BEGIN Excerpted records
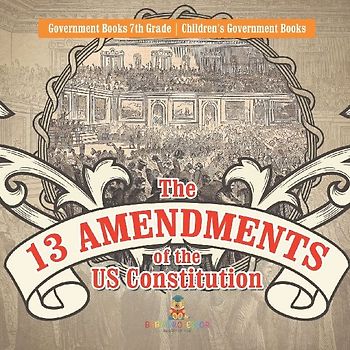 The 13 Amendments of the US Constitution - Government Books 7th Grade | Children's Government Books
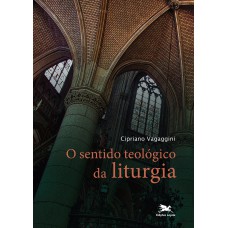 Sentido teológico da liturgia (O)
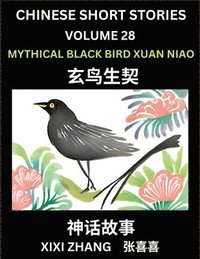 bokomslag Chinese Short Stories (Part 28) - Mythical Black Bird Xuan Niao, Learn Ancient Chinese Myths, Folktales, Shenhua Gushi, Easy Mandarin Lessons for Begi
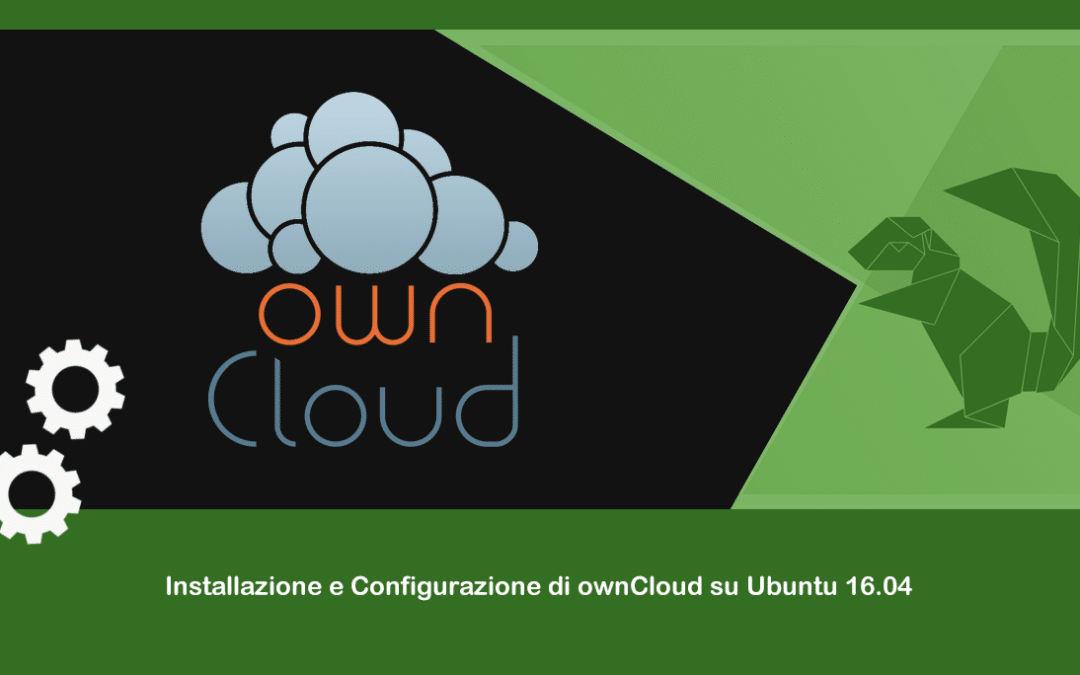 Installazione e Configurazione di ownCloud su Ubuntu 16.04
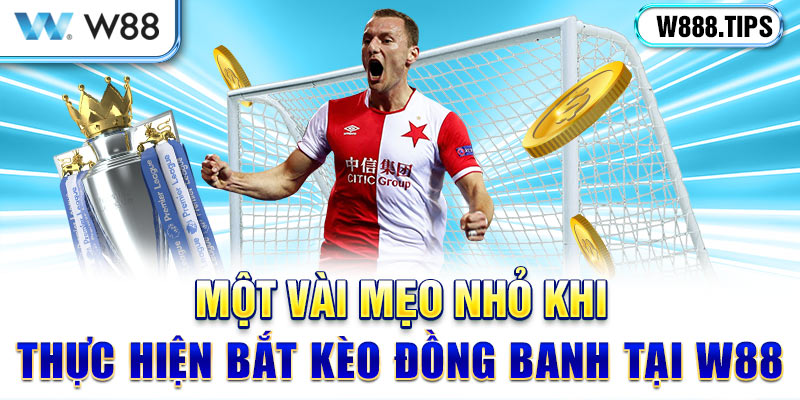 Một vài mẹo nhỏ khi thực hiện bắt kèo đồng banh tại W88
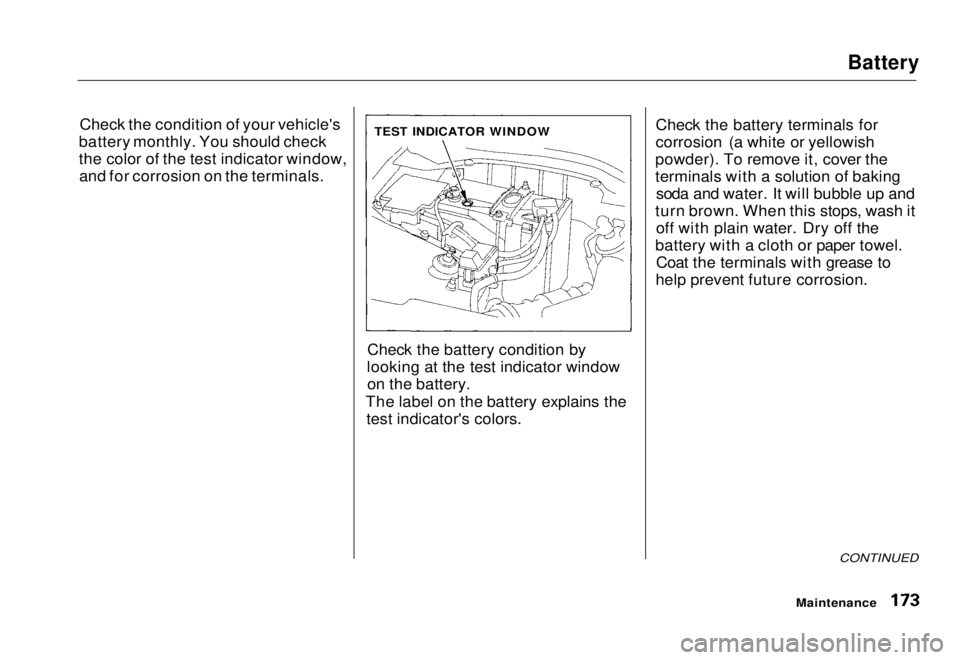 HONDA CIVIC COUPE 1998  Owners Manual Battery

Check the condition of your vehicle's
battery monthly. You should check
the color of the test indicator window, and for corrosion on the terminals.
Check the battery condition by
looking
END Excerpted records
> Try it
Output exactly the span of lines from the top of the listing through the line holding "battery monthly. You should check", and leave every picture out.

> Result for this exercise
 The 13 Amendments of the US Constitution - Government Books 7th Grade | Children's Government Books
 Sentido teológico da liturgia (O)
 bokomslag Chinese Short Stories (Part 28) - Mythical Black Bird Xuan Niao, Learn Ancient Chinese Myths, Folktales, Shenhua Gushi, Easy Mandarin Lessons for Begi
 Installazione e Configurazione di ownCloud su Ubuntu 16.04
 Một vài mẹo nhỏ khi thực hiện bắt kèo đồng banh tại W88
 HONDA CIVIC COUPE 1998  Owners Manual Battery

Check the condition of your vehicle's
battery monthly. You should check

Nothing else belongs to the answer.